Observations on Hamas
I attended a lively discussion on Italian journalist Paola Cardini’s new book, Hamas: From Resistance to Government, last night. Providing comment and questions were Amirah Hass (Ha’aretz) and Joharah Baker (MIFTAH).
While the presence of women on the panel was encouraging, it was unfortunate that Cardini didn’t provide a brief overview of her book. The nature of the discussion assumed that the large crowd who attended had already read it. Fortunately for me, I knew something of the topic to be able to follow; I can’t say the same of my colleague who accompanied me.
I took some notes, but only those about those aspects of Hamas that most interested me. First, there seems to be uncertainty about whether Hamas has really made a clean break and transition from resistance to government and the implications of this for it as a party/movement. There was no consensus among the panellists about whether Hamas has become one or the other or remains stuck between the two. In part this may reflect Cardini’s observation that Hamas militants themselves didn’t expect to win power in 2006. Although they campaigned in those elections, they expected that they would only have a larger share of the vote and mandate to seek reform within the Palestinian Authority and parliament. Hass questioned this and noted the internal debate within the party prior to 2006 to reject the military (and suicide bombing route) prior to the campaign as evidence that they were aware of the different role they were about to play.
While the panellists noted that there is some degree of internal participation within the party regarding policymaking (despite its more authoritarian and conservative policy output), that has changed since the mid-2000s. The main components that provided internal deliberation prior to the 2006 elections were the party in the West Bank, Gaza, the prisoner population and abroad (especially in Damascus). Although decisions were previously decided on majority vote between the different sections, political developments since 2006 has transformed the relative strength of different sections. Given Hamas’s position in Gaza it therefore has greater administrative clout that means its position is relatively stronger to that of the leadership in Damascus; meanwhile the military wing is demanding a greater role.

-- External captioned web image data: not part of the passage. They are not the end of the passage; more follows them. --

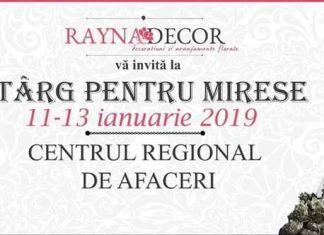 Targ pentru mirese, Timisoara 11-13 ianuarie 2019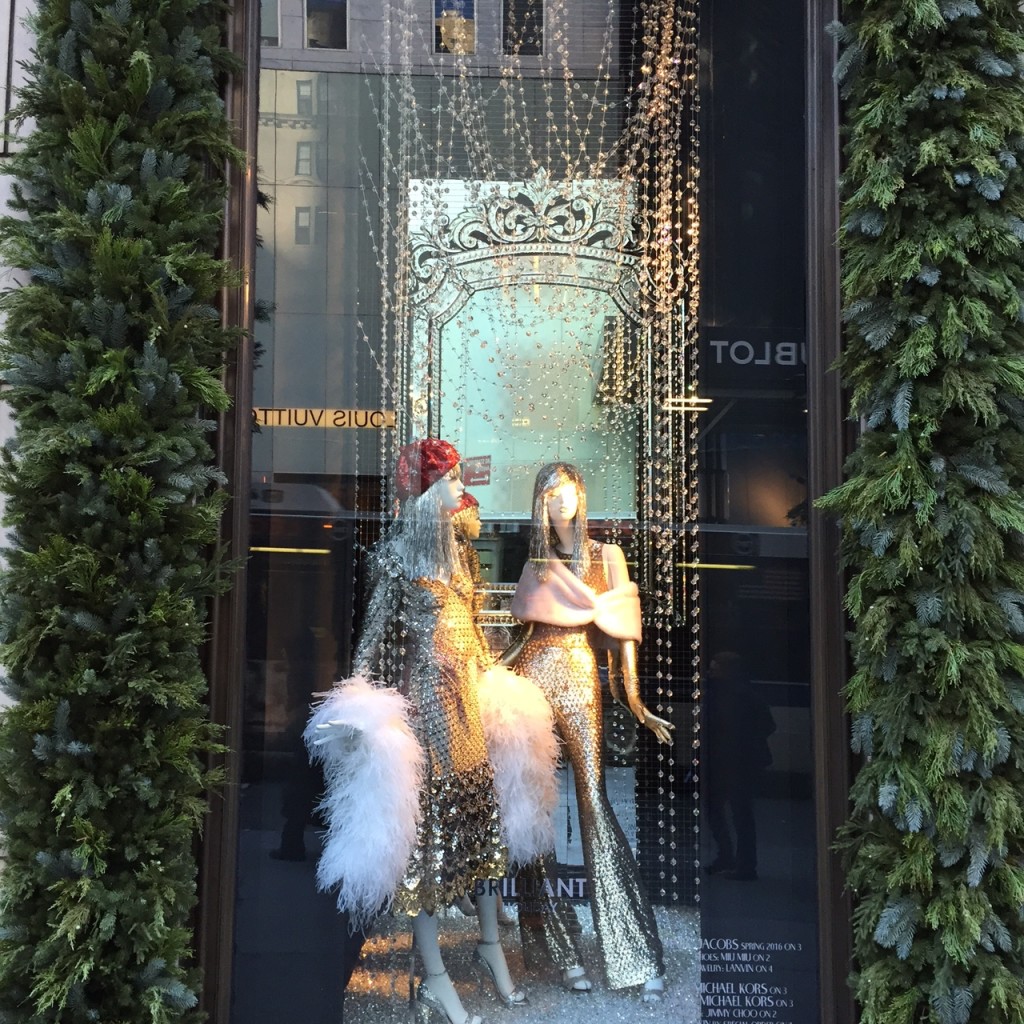 Bergdorf Goodman Windows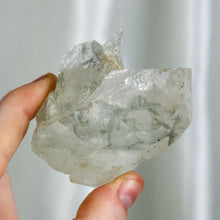 Load image into Gallery viewer, Himalayan Quartz Cluster with Anatase Unique Chlorite Phantom “Cluster”
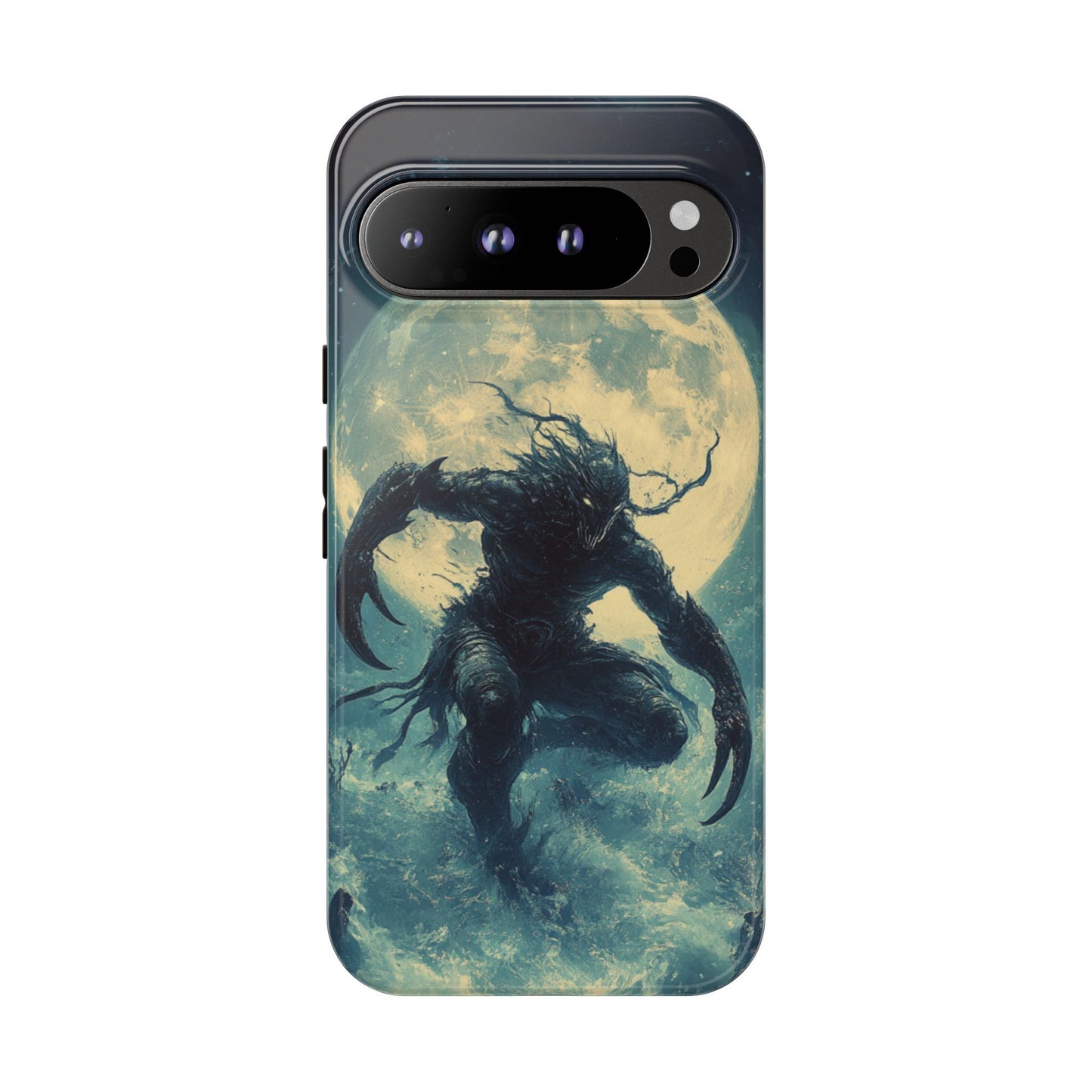 Lunar Tide Revenant - Tough Google Pixel Case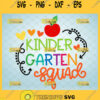 kindergarten squad svg team kindergarten shirt svg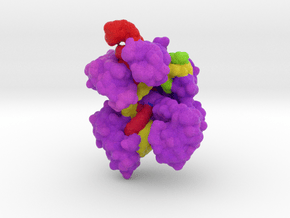 mdm_CRISPR-Cas9-5AXW_max_x100-8cm_vA21 in Matte High Definition Full Color: Extra Small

Second, there was discussion about how Cardini could be sure that her interviewees were speaking the ‘truth’ and not using her journalism as a tool to get their message out. This was especially interesting to me, given the near obsession with achieving rigour in academic circles that I’ve been a part of over the past few years. I was mildly amused to hear a distinction drawn between scholarly work which emphasises documentation on the one hand and journalism on the other, which focuses on interviews and face-to-face dialogue. I was amused since I don’t see the distinction as sharp as that. In my own research I used both kinds. I assume that Hass was especially vocal in distinguishing between these two approaches given her own experience of the type of material that she comes across from Israeli academics, where documents are presented in their books devoid of any context. Although she didn’t call it as such, Cardini described the use of triangulation (i.e. comparing and contrasting documents with interviewees’ comments and recollections of specific events), a method with which I concur – and as far as I can tell it’s the only way of doing qualitative work (I faced the same question of how I knew my informants were telling me the ‘truth’ in interviews that were inevitably retrospective during my viva last year).

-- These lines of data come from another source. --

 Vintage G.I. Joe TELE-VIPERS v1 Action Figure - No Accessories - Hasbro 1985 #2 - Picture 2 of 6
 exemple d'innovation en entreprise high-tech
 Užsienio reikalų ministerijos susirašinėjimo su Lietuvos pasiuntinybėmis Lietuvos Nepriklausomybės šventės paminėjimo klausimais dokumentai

Third, panellists didn’t share any consensus over whether the embargo on Gaza has strengthened or weakened Hamas. Cardini said that it had weakened the party, since it made delivery of public services for which they (as the government) are now responsible. As a result there was an increasing awareness that they were losing public support and remained in power through repressive means and control of the administrative apparatus. By contrast Hass suggested that on the contrary, the embargo had strengthened Hamas. Being rejected by international donors and rejecting their aid anyway, they had shown their independence, which appealed to society. At the same time, the Israeli siege couldn’t be blamed on Hamas and instead provided a degree of solidarity between governor and governed. Women were relevant in this regard as well, with both Cardini and Hass noting that female support was important for Hamas’s rise. As secular-oriented women themselves, they noted that female participation couldn’t be seen as always progressive and that given the context of Palestinian society the acceptance of a conservative movement such as Hamas should be understood.
Fourth – and this is where I had the hardest time accepting the proposition – Hass talked about the capacity of Palestinians to accept sacrifice and long-term struggle at the expense of any immediate and individual benefit. She based this idea on her own work and study of Palestinians, the sentiment of which could be tapped into by Hamas. This idea of denial permeates both society and the party itself, meaning that Hamas has strong roots within the communities that it can found. As a result they are able to publicly oppose the Israeli occupation and accommodate the impact that it brings in terms of economic blockade, movement restrictions, etc while drawing on social support for their position. Personally, I find this hard to believe: it sounded much too like a self-interested justification. Although the people suffer and cope as best they can, I find it hard to imagine that they do so without some concern; outwardly, Hamas brooks little opposition and is relatively authoritarian both politically and socially. So to what extent the public’s ‘self-sacrifice’ is consensual or pragmatic remains uncertain.